Roach’s view contradicts that of analysts at Credit Suisse AG and UBS AG, who are among those predicting that China’s authorities will raise banks’ cash reserve requirements as soon as by the end of December. Government figures last week showed gross domestic product increased 8.9 percent in the third quarter from a year before, the fastest pace in a year.
As the impact of the current stimulus wears off, China’s economy is at risk of a renewed slowdown, according to Roach. To combat the weakest expansion rate in a decade, policy makers enacted a two-year $586 billion stimulus package, and reduced the benchmark one-year lending rate to a five-year low. The efforts kicked off a record $1.27 trillion boom in new loans.
China may “go back to the well with bank-funded infrastructure-led spending programs” in the middle of next year, Roach said today. “I don’t think that’s feasible over the near term given their concerns about economic growth,” he said when asked about the prospects of the People’s Bank of China raising interest rates in coming months.
Yuan Convertibility
Roach also predicted that China will “ultimately” allow the yuan to be freely convertible to other currencies. While Chinese officials, including PBOC Governor Zhou Xiaochuan, have called this year for an alternative to the dollar as the world’s main reserve currency, they maintain controls on the yuan that prevent it for now from becoming a competitor.
The Morgan Stanley official added that the Hong Kong dollar’s peg to the U.S. currency “will relax” after China makes the yuan convertible. The unpegging of the Hong Kong dollar is out of the question for now, he said.
Russian Finance Minister Alexei Kudrin said on Oct. 24 that the yuan could become a global reserve currency in about 10 years should China make it convertible. A change in Chinese policy would make the yuan a “notable and weighty” reserve unit, Kudrin said in an interview on state-run Vesti television channel.
Contrast With Goldman
Roach’s view about the risk of the expansion weakening next year also contrasts with that of Goldman Sachs Group Inc. analysts.

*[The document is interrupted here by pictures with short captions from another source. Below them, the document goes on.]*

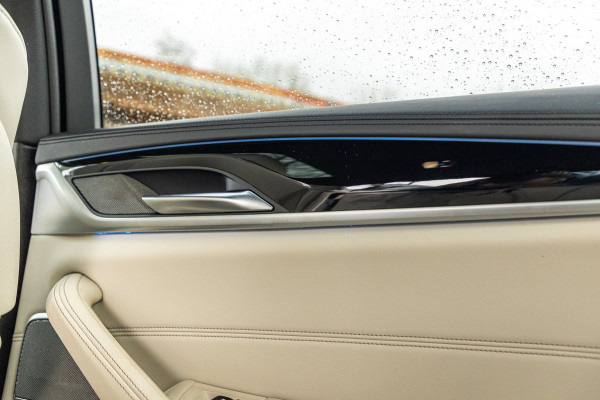 BMW 5 Serie 545e xDrive Business Edition Plus 94% I Schuifdak I H&K I Laser I M -sport I carbon I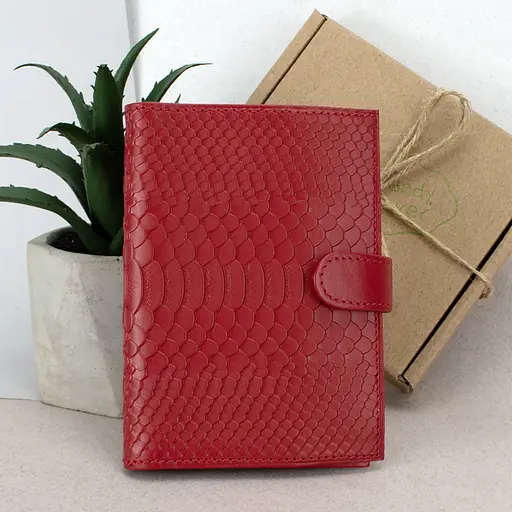 Обложка кожаная на документы 2 в 1: паспорт и права на кнопке красный питон - фото 1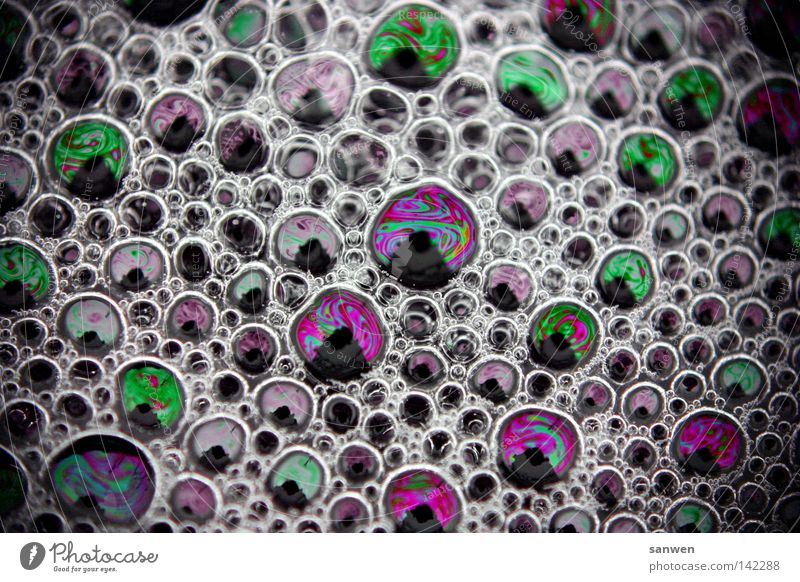 psychedelic circus Luftblase Blase Seifenblase molekular Molekül Atom Schaum Farbe Farbstoff mehrfarbig Reflexion & Spiegelung Sonne Schönes Wetter Farbenspiel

“We do not share the view of some skeptics that China’s growth is mostly reliant on government-led investment activities and therefore when those stimuli eventually fade, we will experience a ‘double-dip’ in growth,” Goldman Sachs economists Yu Song and Helen Qiao wrote in an Oct. 22 note to clients.
The Goldman analysts added that “while not denying the importance of those government-led investments at the initial stage of the stimulus, we believe the recovery has been increasingly driven by stronger consumption, non-government investments and even exports.”